Football supporters from rival teams clashed on 1 February after a match in the city of Port Said located to the north of the Suez Canal.
Fans invaded the pitch after a match between top-tier clubs Port Said’s Al-Masry and Cairo’s Al-Ahly leaving 74 dead and hundreds more injured in the bloodiest incident since former President Hosni Mubarak was ousted from power in 2011.
The match ended with the home team, Al-Masry, winning 3-1, an unusual result for the Port Said club. According to reports, most of the deaths were caused by concussions, cuts to the head and suffocation from a stampede.
Egypt’s Supreme Council of the Armed Forces (SCAF) has announced three days of national mourning, but critics have be quick to point out the failings of the regime to allow the clashes to occur and conflict to escalate.

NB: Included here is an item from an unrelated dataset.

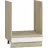 Element bucatarie MP Jetta jos Nr 4 white/oak sonoma 60/82, Alb, Stejar Sonoma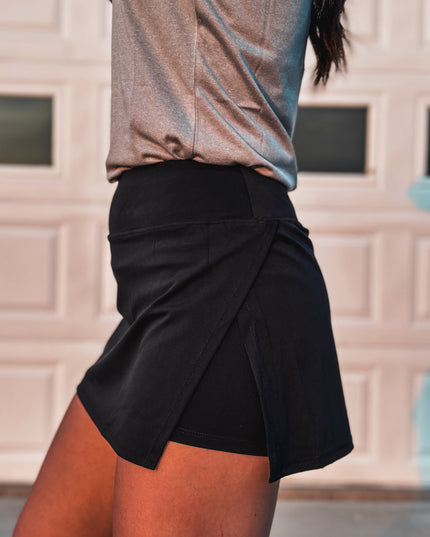 Brand Driver Skort - Black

Protests are planned to voice disapproval of the police’s failure to respond to the situation.
There is a long-standing and bitter rivalry between the two teams and Al-Ahly fans have been involved in clashes in the past. Egyptians have been quick to point out that this level of violence is unusual. Some have pointed to the prominence of Al-Ahly supporters in political marches where police have faced off against the police as a possible motive for the police to attack the supporters.
On its Facebook page, the Muslim Brotherhood’s Freedom & Justice Party stated that it considers the Port Said events as part of a larger landscape of lawlessness, including large-scale robberies and accused those with links to the previous regime as being behind the clashes at the match.